On south of the plaza things quite literally go downhill. Traveling only a block or two, all roads come to the Arroyo de la Concepción, a dried-up mountain runoff filled with spiny cactus paddles. Here the central area of renovation also comes to an end, and it is possible to walk past a bewildering array of roofless, tumbled stone structures from the heyday of Catorce just on the other side of the arroyo across whitewashed, antique bridges. Archways remain, supporting little but debris and a tangle of cacti carved with graffiti. Old brown walls stand in a drift of broken terracotta. Chickens and cattle graze here and there; some are tied to a tire, some are not. Packed occasionally in and around the ruins we could see a cleared field sporting gamecock cages. Sometimes walking around a ruined building brought us face to face with a territorial dog in someone’s backyard. For a while, Sunshine and I were followed by a saddled horse who had taken an interest in us. The canyon goes on and on, down and down, with steep mountaintops all around, and the remains of this city’s long history strewn like an unraveled labyrinth that had slid down and come to rest there.
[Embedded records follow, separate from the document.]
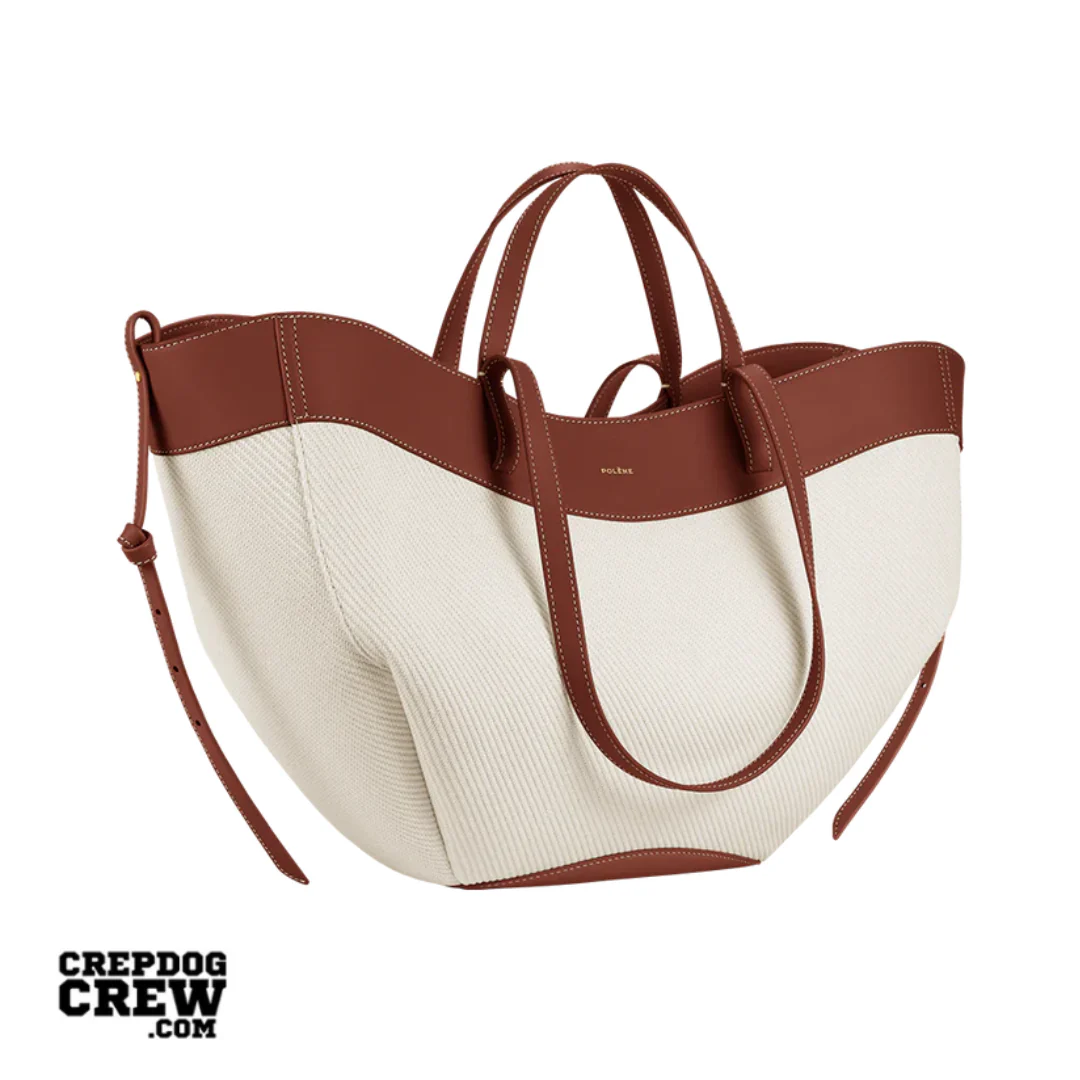 polene Cyme Edition Cognac Canvas - Image 2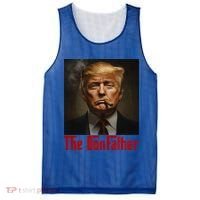 Trump The Donfather Cool American Mesh Reversible Basketball Jersey Tank thumb 0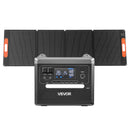 VEVOR Station Électrique Portable 2160 Wh Générateur Solaire Portable 2400 W Panneau Solaire Pliable 200 W pour Alimentation Camping Véhicules de Loisirs, 10 Ports de Sortie, Puissance Entrée Réglable - image 10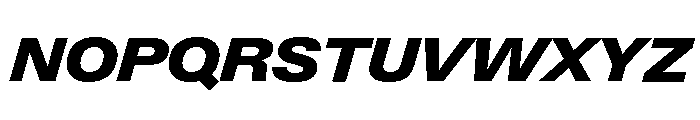 Neue Gstaad Wide Variable Wide Black Italic Font UPPERCASE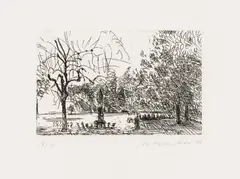 Matthias Weischer, Homelands. 32-teiliges Mappenwerk, 2010, Radierung auf Bütten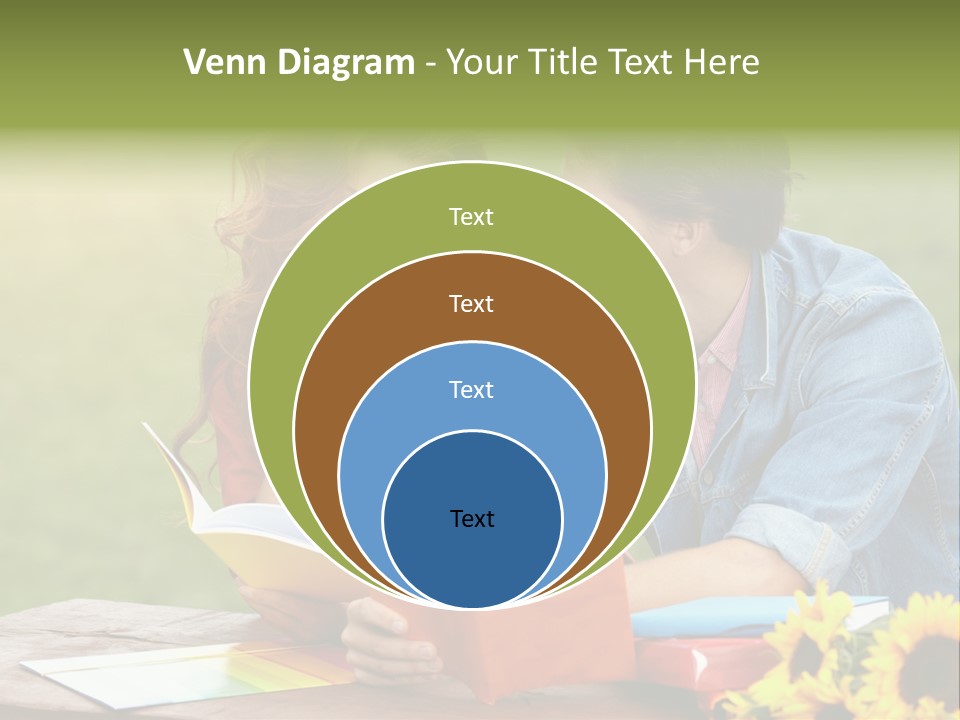 Young Holding Knowledge PowerPoint Template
We stayed in Real de Catorce for two chilly nights and one, full, sun-roasted day. During this time what we mostly did was wander around and look at the marvelous place, drink plenty of fluids, and get a little sunburned. There is no place in town to exchange money, no ATMs or banks, and it is rare to find a place that will take a credit card. The people are gregarious and helped us in our discoveries of Indian art and interesting new food (cabuches are pickled biznaga cactus sprouts which look like the end of an asparagus and taste a little like an artichoke). I was simply not dressed well for climbing down through thistles and ruins: my new boots are not as adequately constructed for climbing as the old ones were, my pants were not rugged Levis but silly Dockers. Nor was there much time to wander without restraint. These frustrations cancelled each other out, and prompted my oath to soon return with a rope and a flashlight and some band-aids. In the evenings we ate good food and I watched the others play Uno while we all drank good Mexican rum. The room was cozy and orange and lit by provided candles and an overhead bulb with a tin shade that threw stars around the room like a disco ball.
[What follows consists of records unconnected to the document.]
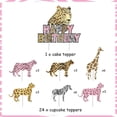 thumbnail image 5 of Jungle Animals Cheetah Birthday Decoration Cake Topper, by Jollyboom (24 Count), 5 of 5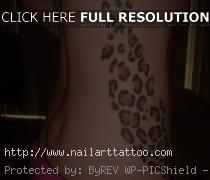 Cool Cheetah Print Tattoos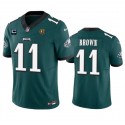 Philadelphia Eagles #11 A. J. Brown Green 2023 F.U.S.E. With 1-Star C Patch And John Madden Patch Vapor Limited Stitched Jersey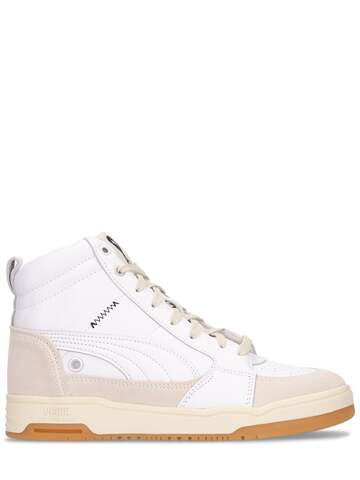 PUMA Ami Slipstream Midi Sneaker in white / beige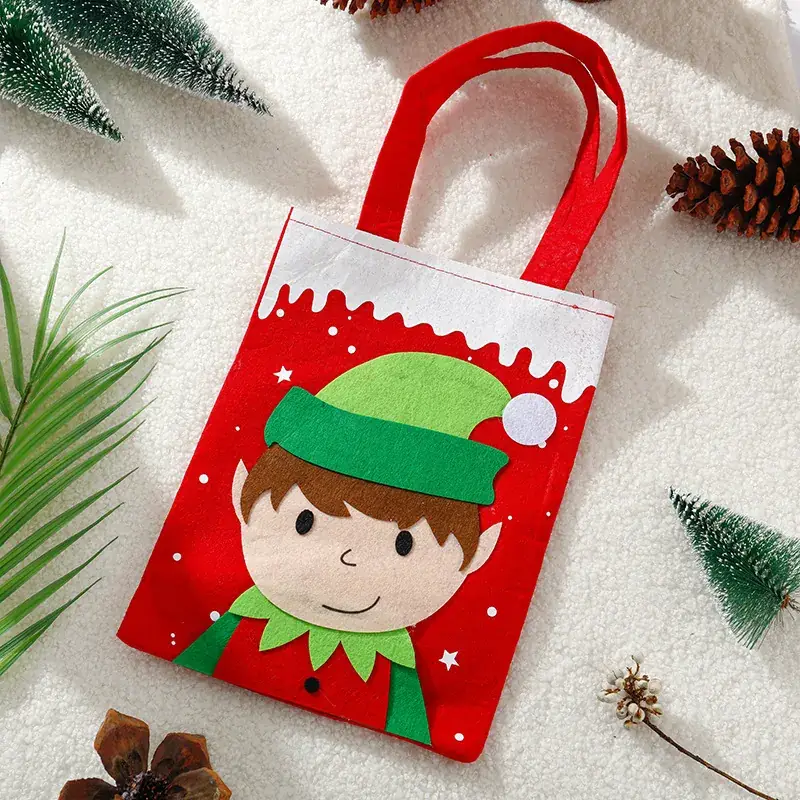 Christmas Elf Santa Claus Handbag Gift Bag Red 35cm - Image 17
On Sunday we headed home along the same route we’d taken to get there. The wait to exit the sierra through the one-way tunnel took about thirty minutes longer this time. We took the road a little slower, stopping occasionally for a quick walk through the amazing plants to take pictures, or to look out over the incredible views. We stopped in the little town of La Luz to see the ruined monastery, old church, and abandoned mine shaft there. In La Luz, enterprising people had turned a number of the old Spanish ruins into pig pens. The dirt road in front of the dilapidated church was strung with white paper banners. These were either leftovers from a party last weekend or decorations for the upcoming Independence Day celebrations. A group of children on bikes guarded the SUV cheaply while we were away.
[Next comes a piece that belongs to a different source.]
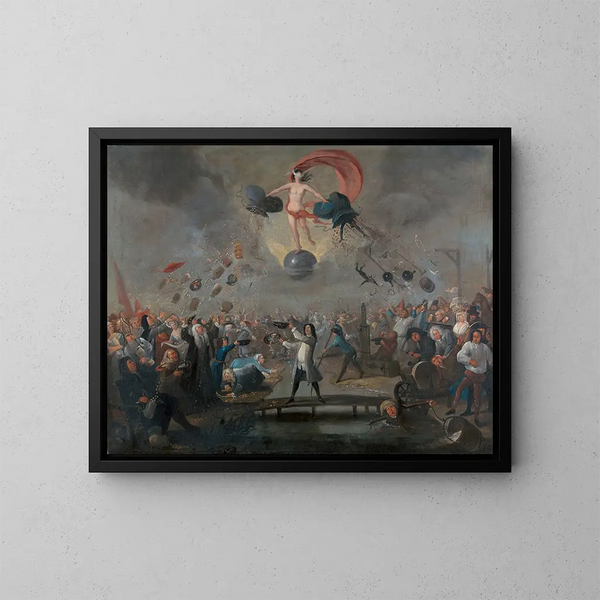 Allegory of Fortune - Balthazar Nebot — framed artwork on a wall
Soon enough we were on the road again. On the mountain side of the road the trip was less frightening than the cliff side had been. The trip through the high valley was less riddled with racing thunderstorms today. All too soon the weekend was over. I really fell in love with Real de Catorce. The countryside is harrowing and hot and beautiful and terrible to behold. The remains of the mining town are a playground of hidden nooks awaiting discovery. The air is far cooler there than it is here. It’s like paradise.

More excellent photos here, here, and here.

Want to travel to Catorce Municipality cheaply, immerse yourself, and help people?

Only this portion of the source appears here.